[Problem] The entries below are to be restated exactly, and their images are to be omitted.

*** Source data ***

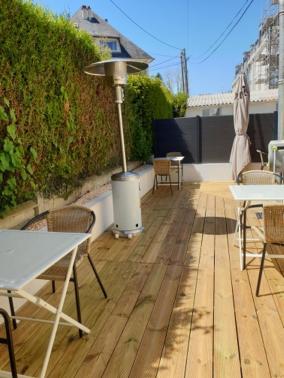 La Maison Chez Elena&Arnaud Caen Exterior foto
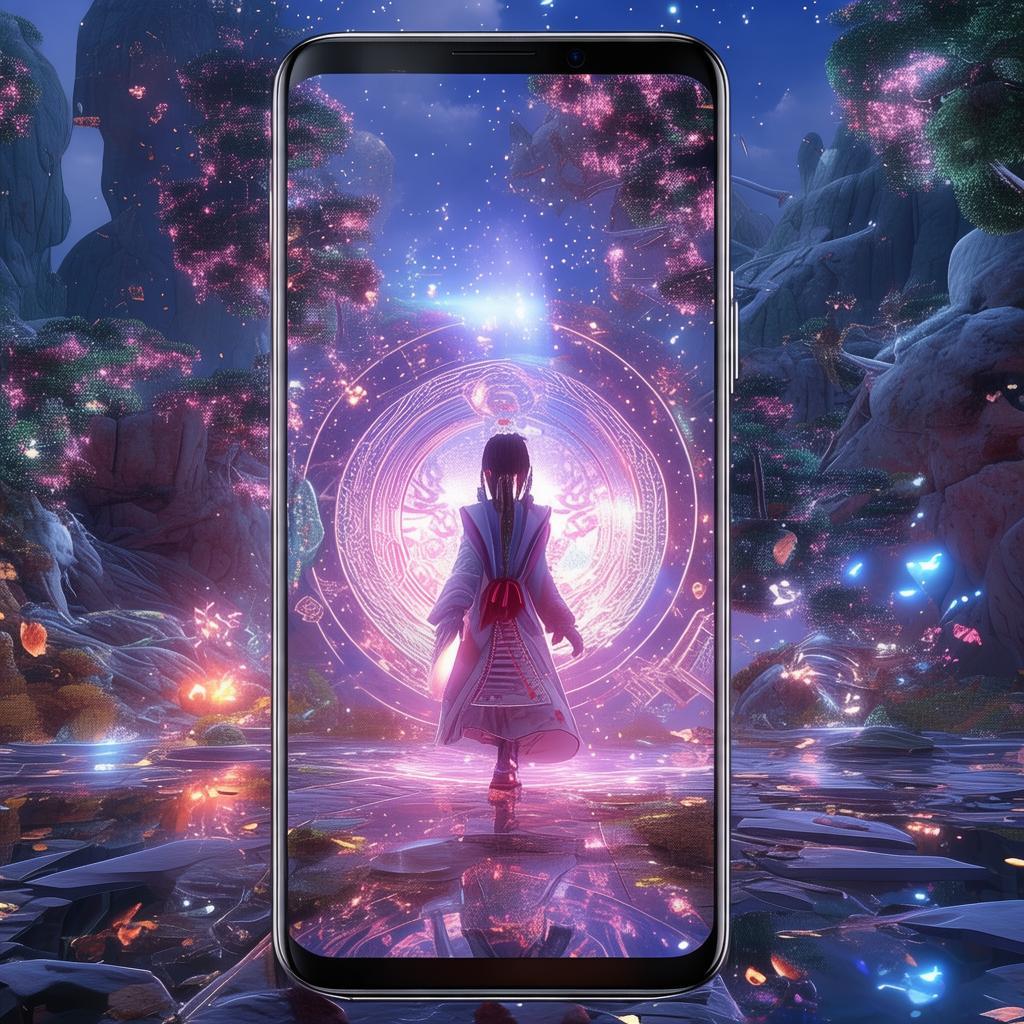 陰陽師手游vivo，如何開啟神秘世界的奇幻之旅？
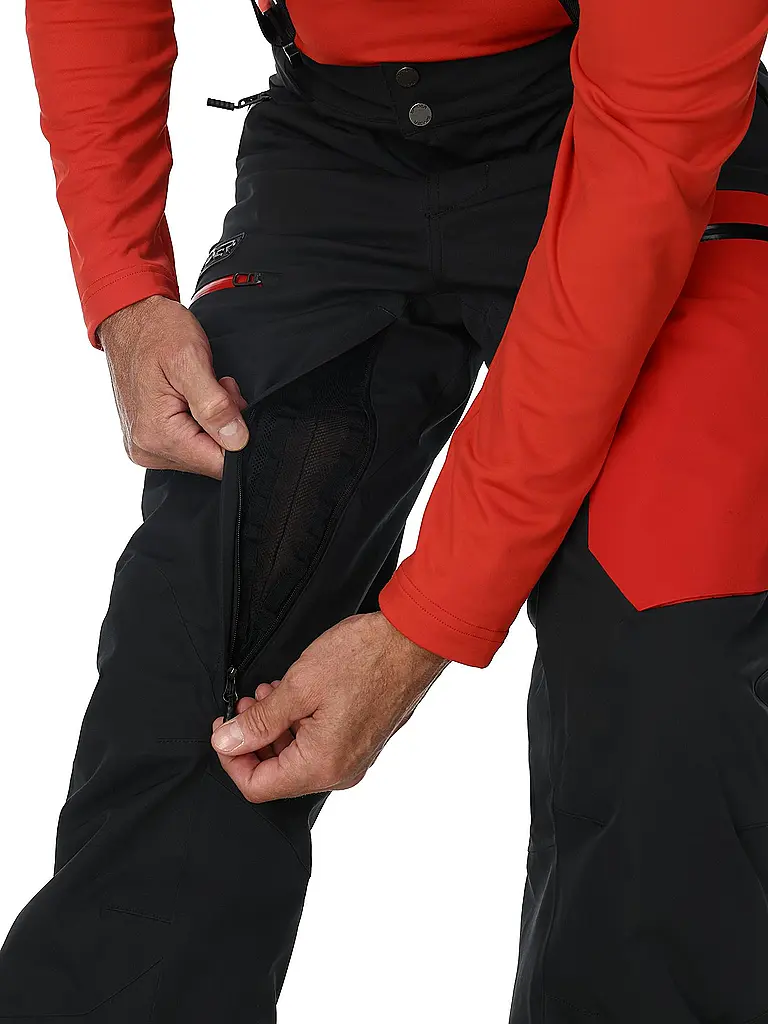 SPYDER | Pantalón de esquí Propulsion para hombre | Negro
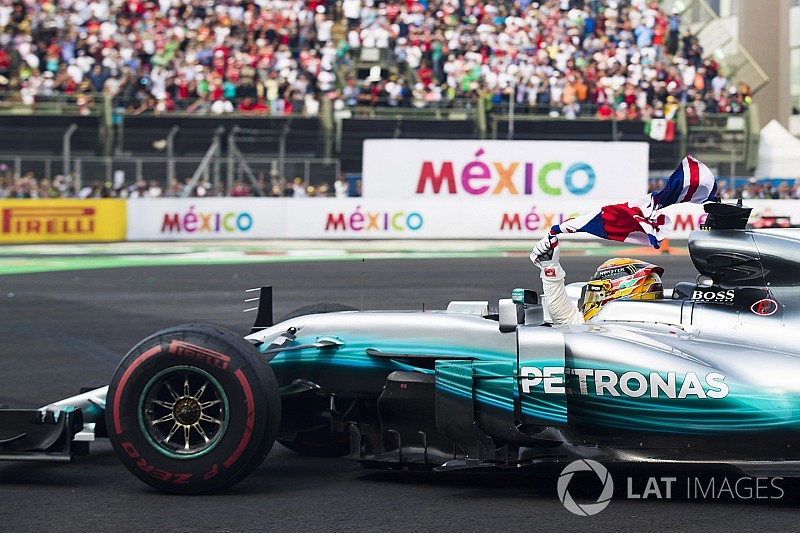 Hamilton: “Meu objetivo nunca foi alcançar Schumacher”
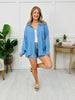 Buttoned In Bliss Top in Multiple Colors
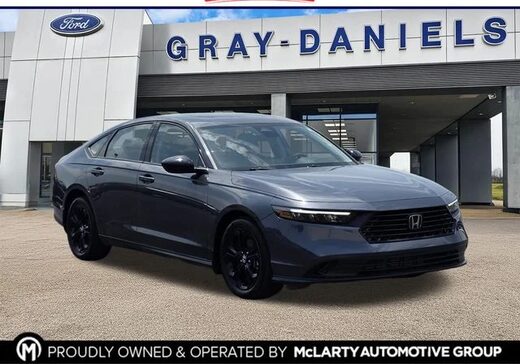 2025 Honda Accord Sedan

*** End of Source data ***

[Output for this task]
 La Maison Chez Elena&Arnaud Caen Exterior foto
 陰陽師手游vivo，如何開啟神秘世界的奇幻之旅？
 SPYDER | Pantalón de esquí Propulsion para hombre | Negro
 Hamilton: “Meu objetivo nunca foi alcançar Schumacher”
 Buttoned In Bliss Top in Multiple Colors
 2025 Honda Accord Sedan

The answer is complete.